§ Directions:
Reproduce the entries that follow exactly, dropping each image.

[Stored data]
*** Begin section ***
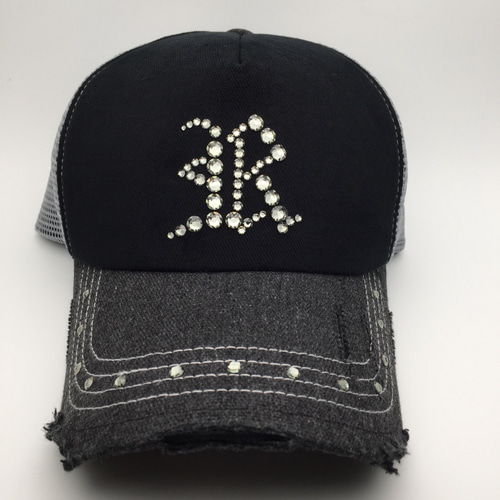 デコキャップ イニシャル&スワロフスキーver. キャップ ☆HopeStaR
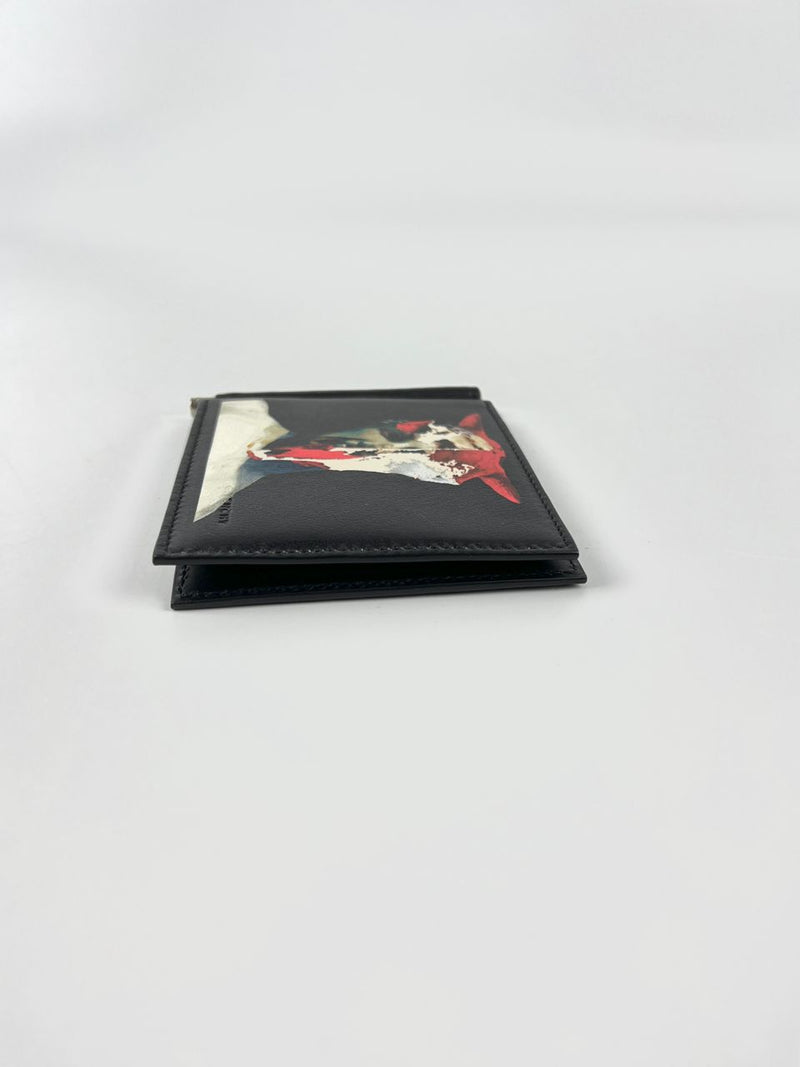 Devil Tauren Bi-Fold Wallet in Black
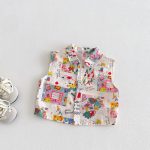 【73-100cm】シャツ or ショートパンツ ベビー 男の子 カートゥーン ノースリーブ - 画像 (6)
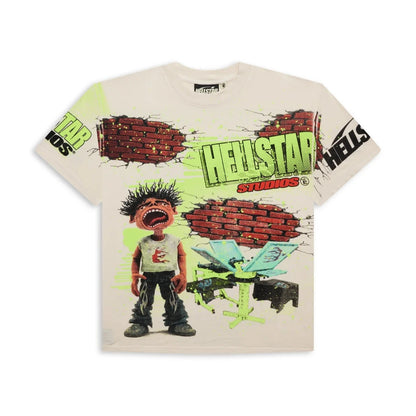 Hellstar Studios Brick Wall T-Shirt White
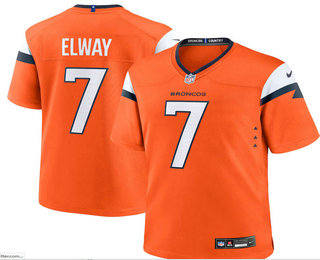 Men's Denver Broncos #7 John Elway Orange 2024 FUSE Vapor Limited Stitched Jersey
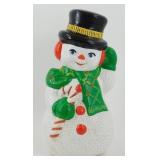 * Ceramic Snowman 12" Tall - Vintage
*** End section ***
§ Answer space:
 デコキャップ イニシャル&スワロフスキーver. キャップ ☆HopeStaR
 Devil Tauren Bi-Fold Wallet in Black
 【73-100cm】シャツ or ショートパンツ ベビー 男の子 カートゥーン ノースリーブ - 画像 (6)
 Hellstar Studios Brick Wall T-Shirt White
 Men's Denver Broncos #7 John Elway Orange 2024 FUSE Vapor Limited Stitched Jersey
 * Ceramic Snowman 12" Tall - Vintage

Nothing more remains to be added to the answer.